With Bactopia v2 comes __a lot__ of changes! I would like to extend a huge thanks to Davi Marcon and Abhinav Sharma for their work initially converting Bactopia to DSL2. Your efforts were the momentum I needed to get the ball rolling on Bactopia v2. Thank you very much for taking your time to make such a siginificant contribution!
`Added`
- support for Nanopore reads
- `staphopia` as a named pipeline (alias for `bactopia --wf staphopia`) for _S. aureus_ genomes
- `bactopia/bactopia-tests` repo with test data
- walkthrough for testing
- `bactopia-datasets/staphylococcus_aureus` repo with curatated _S. aureus_ datasets
- per-module testing via `pytest` (100+ tests and 7000+ outputs tested)
- per-module `meta.yml` and `params.json` for auto-building docs site
- framefork for adding new Bactopia Tools
- 19 total Bactopia Tools (`bactopia --wf <NAME>`)
- Subworkflows (3)
- `eggnog`: Functional annotation of proteins using orthologous groups and phylogenies
- `pangenome`: Pangenome analysis with optional core-genome phylogeny
- `staphtyper`: Determine the agr, spa and SCCmec types for _Staphylococcus aureus_ genomes
- Modules (16):
- `agrvate`: Rapid identification of _Staphylococcus aureus_ agr locus type and agr operon variants.

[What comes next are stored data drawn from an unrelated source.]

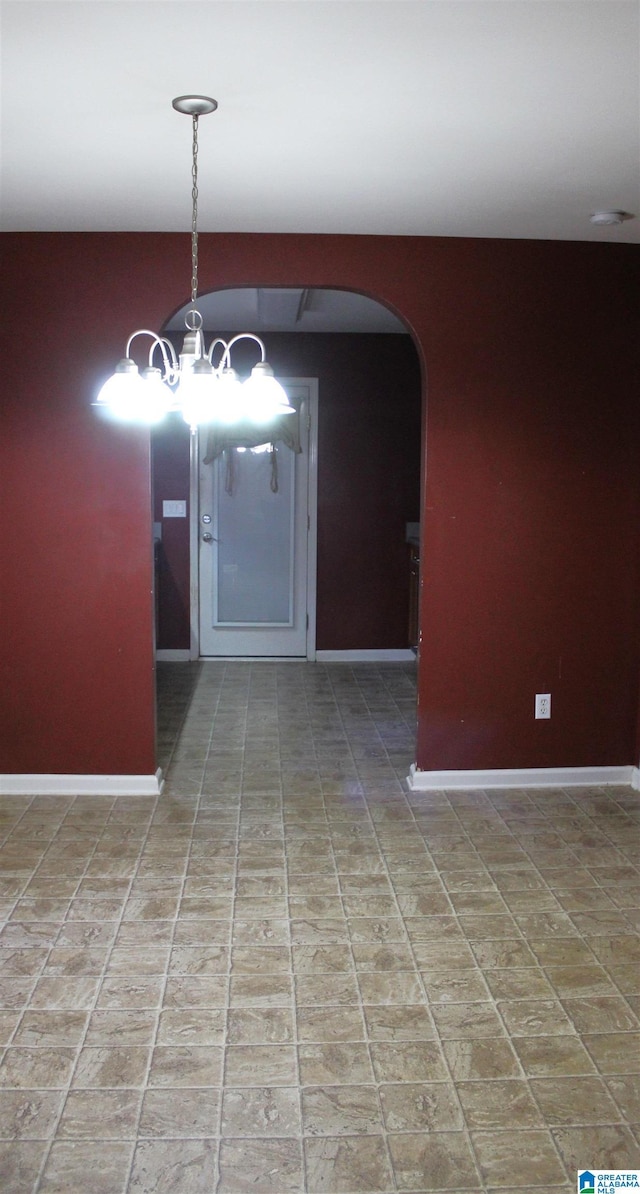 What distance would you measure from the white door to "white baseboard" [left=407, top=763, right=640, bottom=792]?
265 cm

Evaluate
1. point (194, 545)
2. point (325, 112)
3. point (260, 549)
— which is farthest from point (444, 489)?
point (194, 545)

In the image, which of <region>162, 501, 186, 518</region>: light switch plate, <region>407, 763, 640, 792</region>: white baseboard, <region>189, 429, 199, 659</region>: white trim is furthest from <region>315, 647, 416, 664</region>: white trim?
<region>407, 763, 640, 792</region>: white baseboard

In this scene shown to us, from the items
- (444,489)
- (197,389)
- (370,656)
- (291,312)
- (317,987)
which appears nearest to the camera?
(197,389)

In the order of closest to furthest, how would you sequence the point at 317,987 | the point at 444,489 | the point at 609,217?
the point at 317,987, the point at 609,217, the point at 444,489

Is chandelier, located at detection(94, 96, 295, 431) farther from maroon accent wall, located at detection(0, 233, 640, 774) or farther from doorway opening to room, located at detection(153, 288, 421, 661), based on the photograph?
doorway opening to room, located at detection(153, 288, 421, 661)

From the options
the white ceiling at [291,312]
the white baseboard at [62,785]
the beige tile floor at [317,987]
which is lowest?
the beige tile floor at [317,987]

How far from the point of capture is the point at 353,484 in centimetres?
699

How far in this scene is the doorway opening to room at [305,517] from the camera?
6.92m

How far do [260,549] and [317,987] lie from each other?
445cm

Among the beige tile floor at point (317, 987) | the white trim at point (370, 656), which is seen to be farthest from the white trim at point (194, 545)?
the beige tile floor at point (317, 987)

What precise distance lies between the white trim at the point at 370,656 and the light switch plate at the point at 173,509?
4.56 feet

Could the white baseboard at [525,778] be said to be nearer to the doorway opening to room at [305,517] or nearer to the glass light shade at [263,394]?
the glass light shade at [263,394]

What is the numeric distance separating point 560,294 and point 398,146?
5.28ft

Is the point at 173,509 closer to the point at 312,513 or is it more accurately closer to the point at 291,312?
the point at 312,513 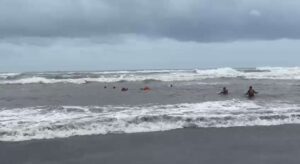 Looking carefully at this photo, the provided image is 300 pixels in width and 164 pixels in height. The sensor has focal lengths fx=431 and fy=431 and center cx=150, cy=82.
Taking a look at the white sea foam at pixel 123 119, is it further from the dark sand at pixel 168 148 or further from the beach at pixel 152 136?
the dark sand at pixel 168 148

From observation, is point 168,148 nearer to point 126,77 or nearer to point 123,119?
point 123,119

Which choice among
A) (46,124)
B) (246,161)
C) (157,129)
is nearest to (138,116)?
(157,129)

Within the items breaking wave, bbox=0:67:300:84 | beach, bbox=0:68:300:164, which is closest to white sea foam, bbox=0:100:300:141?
beach, bbox=0:68:300:164

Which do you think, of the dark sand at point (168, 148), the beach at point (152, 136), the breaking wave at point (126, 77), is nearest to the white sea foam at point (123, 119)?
the beach at point (152, 136)

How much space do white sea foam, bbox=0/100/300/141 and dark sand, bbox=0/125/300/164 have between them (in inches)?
38.0

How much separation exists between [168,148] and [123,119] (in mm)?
4643

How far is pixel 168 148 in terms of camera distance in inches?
513

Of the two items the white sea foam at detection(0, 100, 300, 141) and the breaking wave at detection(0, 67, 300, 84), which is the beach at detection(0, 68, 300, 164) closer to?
the white sea foam at detection(0, 100, 300, 141)

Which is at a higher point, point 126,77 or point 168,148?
point 126,77

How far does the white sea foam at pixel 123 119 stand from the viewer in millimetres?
15500

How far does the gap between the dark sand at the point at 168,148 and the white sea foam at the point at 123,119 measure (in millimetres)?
965

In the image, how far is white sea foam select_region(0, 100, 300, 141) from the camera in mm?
15500

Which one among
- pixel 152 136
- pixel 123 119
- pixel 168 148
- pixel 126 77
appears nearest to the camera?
pixel 168 148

- `bakta`: Rapid annotation of bacterial genomes and plasmids
- `ectyper`: In-silico prediction of _Escherichia coli_ serotype
- `emmtyper`: emm-typing of _Streptococcus pyogenes_ assemblies
- `fastani`: fast alignment-free computation of whole-genome Average Nucleotide Identity (ANI)

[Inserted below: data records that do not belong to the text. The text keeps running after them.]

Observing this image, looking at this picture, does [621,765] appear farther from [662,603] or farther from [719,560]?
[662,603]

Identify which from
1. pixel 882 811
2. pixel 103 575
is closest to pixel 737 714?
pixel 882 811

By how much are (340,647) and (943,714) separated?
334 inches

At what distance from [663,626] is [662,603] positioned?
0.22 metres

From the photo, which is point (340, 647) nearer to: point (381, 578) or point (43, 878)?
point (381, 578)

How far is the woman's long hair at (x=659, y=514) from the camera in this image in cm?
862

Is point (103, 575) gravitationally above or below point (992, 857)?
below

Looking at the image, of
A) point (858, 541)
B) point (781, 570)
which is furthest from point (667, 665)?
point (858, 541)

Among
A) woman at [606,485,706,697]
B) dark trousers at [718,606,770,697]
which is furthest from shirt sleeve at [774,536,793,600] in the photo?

- `hicap`: Identify cap locus serotype and structure in your _Haemophilus influenzae_ assemblies
- `ismapper`: Identify insertion sites positions in bacterial genomes
- `kleborate`: Screening Klebsiella genome assemblies for MLST, sub-species, and other related genes of interest
- `lissero`: Serogroup typing prediction for _Listeria monocytogenes_
- `mashtree`: Quickly create a tree using Mash distances
- `meningotype`: Serotyping of _Neisseria meningitidis_
- `ngmaster`: Multi-antigen sequence typing for _Neisseria gonorrhoeae_
- `seqsero2`: Salmonella serotype prediction from reads or assemblies
- `spatyper`: Computational method for finding spa types in _Staphylococcus aureus_
- `staphopiasccmec`: Primer based SCCmec typing of _Staphylococcus aureus_ genomes
- `tbprofiler`: Detect resistance and lineages of _Mycobacterium tuberculosis_ genomes
- Use `mamba` instead of conda for env building
- Reduced total Conda envs/Docker containers down to 7 (previously 12 not including bactopia tools)
- default to compressed outputs (`--skip_compression` to output uncompressed outputs)

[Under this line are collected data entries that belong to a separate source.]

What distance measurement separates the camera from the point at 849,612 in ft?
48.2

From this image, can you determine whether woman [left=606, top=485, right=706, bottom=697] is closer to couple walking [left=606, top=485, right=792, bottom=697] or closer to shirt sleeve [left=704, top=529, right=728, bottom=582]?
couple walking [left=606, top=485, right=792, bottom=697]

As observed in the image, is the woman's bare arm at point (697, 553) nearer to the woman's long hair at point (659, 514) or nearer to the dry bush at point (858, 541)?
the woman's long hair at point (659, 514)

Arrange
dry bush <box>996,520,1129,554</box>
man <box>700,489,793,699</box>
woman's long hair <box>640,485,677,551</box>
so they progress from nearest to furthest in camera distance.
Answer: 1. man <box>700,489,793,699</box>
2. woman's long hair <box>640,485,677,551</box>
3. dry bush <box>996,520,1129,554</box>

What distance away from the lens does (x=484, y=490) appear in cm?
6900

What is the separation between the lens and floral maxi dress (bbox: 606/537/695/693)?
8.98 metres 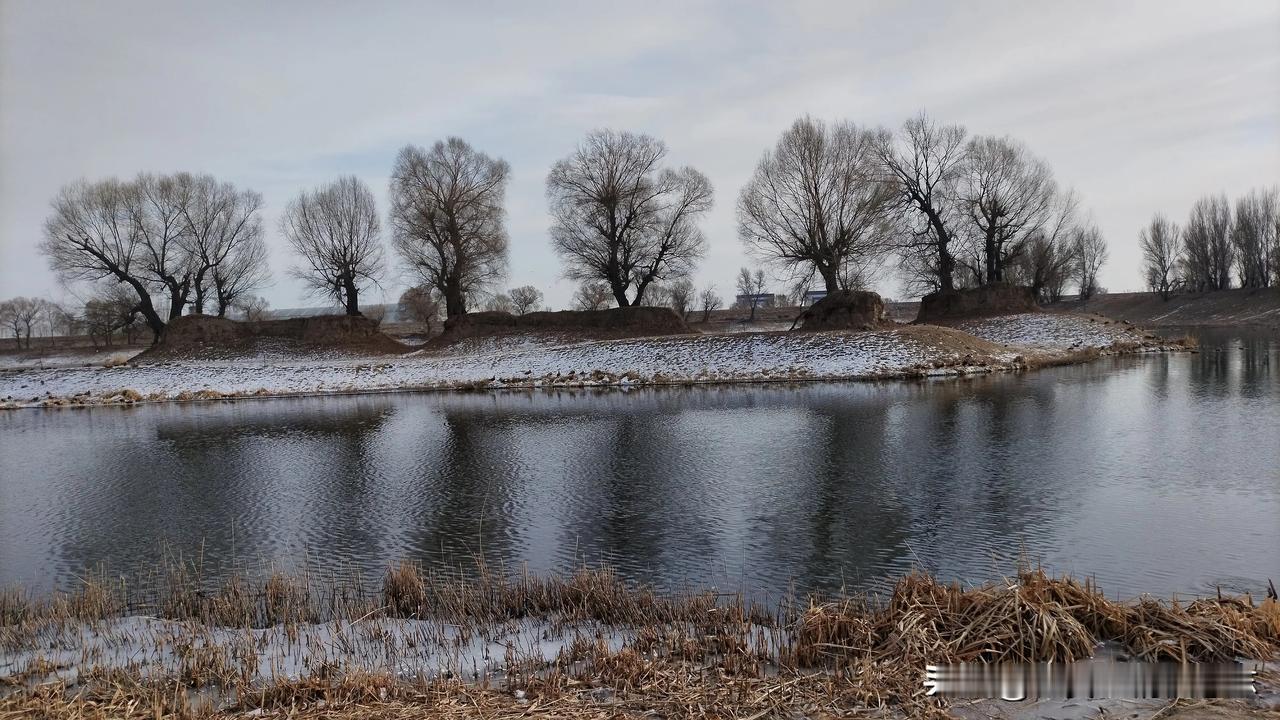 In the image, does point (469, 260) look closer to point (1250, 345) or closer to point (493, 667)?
point (1250, 345)

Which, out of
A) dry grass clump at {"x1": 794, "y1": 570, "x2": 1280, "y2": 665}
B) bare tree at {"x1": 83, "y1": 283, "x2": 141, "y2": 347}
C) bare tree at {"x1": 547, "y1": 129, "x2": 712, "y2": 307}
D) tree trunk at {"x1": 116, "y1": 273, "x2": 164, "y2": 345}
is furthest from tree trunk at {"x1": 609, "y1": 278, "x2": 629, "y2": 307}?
dry grass clump at {"x1": 794, "y1": 570, "x2": 1280, "y2": 665}

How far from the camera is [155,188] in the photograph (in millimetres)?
48469

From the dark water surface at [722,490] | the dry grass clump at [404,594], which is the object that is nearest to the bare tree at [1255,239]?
the dark water surface at [722,490]

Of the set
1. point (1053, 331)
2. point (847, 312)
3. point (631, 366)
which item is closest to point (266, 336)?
point (631, 366)

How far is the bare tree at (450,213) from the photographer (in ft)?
161

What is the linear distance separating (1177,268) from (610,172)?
71298 mm

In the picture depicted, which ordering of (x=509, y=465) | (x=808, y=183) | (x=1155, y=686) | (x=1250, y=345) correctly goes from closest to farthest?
(x=1155, y=686), (x=509, y=465), (x=1250, y=345), (x=808, y=183)

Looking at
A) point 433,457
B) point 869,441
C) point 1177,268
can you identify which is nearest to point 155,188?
point 433,457

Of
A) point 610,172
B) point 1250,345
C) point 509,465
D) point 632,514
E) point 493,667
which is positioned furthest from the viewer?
point 610,172

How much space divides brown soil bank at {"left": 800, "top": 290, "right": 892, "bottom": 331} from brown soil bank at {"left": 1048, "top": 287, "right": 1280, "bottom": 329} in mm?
35354

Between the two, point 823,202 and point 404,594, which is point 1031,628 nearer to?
point 404,594

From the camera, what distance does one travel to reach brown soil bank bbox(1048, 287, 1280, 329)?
62.3m

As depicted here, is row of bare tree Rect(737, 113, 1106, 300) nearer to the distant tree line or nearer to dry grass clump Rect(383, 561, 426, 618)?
the distant tree line

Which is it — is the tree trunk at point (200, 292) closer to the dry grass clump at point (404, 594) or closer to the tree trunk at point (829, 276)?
the tree trunk at point (829, 276) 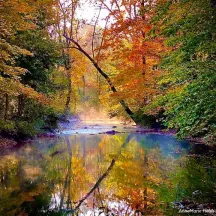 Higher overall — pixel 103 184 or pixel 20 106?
pixel 20 106

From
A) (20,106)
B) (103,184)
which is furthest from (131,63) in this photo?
(103,184)

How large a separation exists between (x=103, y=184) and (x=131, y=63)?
41.8 ft

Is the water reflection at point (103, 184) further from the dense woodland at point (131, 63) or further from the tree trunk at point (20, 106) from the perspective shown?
the tree trunk at point (20, 106)

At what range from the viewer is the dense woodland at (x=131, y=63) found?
6.07 m

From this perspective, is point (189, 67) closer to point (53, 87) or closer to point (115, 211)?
point (115, 211)

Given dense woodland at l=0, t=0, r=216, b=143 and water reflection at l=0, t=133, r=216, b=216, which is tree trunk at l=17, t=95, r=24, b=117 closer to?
dense woodland at l=0, t=0, r=216, b=143

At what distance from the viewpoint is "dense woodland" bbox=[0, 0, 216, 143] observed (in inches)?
239

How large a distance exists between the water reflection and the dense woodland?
1036mm

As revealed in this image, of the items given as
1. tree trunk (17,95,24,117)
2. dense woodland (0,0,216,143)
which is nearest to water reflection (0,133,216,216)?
dense woodland (0,0,216,143)

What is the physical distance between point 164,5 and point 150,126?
12896 millimetres

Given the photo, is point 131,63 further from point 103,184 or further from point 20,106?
point 103,184

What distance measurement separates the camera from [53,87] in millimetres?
16859

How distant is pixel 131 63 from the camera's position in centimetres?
1809

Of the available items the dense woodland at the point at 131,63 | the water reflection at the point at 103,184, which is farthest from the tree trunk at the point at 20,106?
the water reflection at the point at 103,184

- Tutorial outputs made available
- update github actions
`Fixed`
- Cache issue causing `-resume` to fail
- amrfinder+ database not compatible error
- incorrectly parsed system memory
Adapted from `nf-core`
- nf-core pytest setup
- nf-core/modules for bactopia tools
- Bactopia v2 release contributed 20+ modules to nf-core/modules
- nf-core/tools arg parser
- adapted to import params and usage based on config file
Process Consolidation
- `makeblastdb` -> `assemble_genome`
- `call_variants`, `download_reference` -> `call_variants`
- `fastq_status`, `estiamte_genome_size` -> `gather_samples`
- `count_31mers` -> `minmer_sketch`
`Removed`
- `bactopia tools` -> Handled by Nextflow now (`bactopia --wf <NAME>`)
- `bactopia versions` -> Program versions are output ever run now.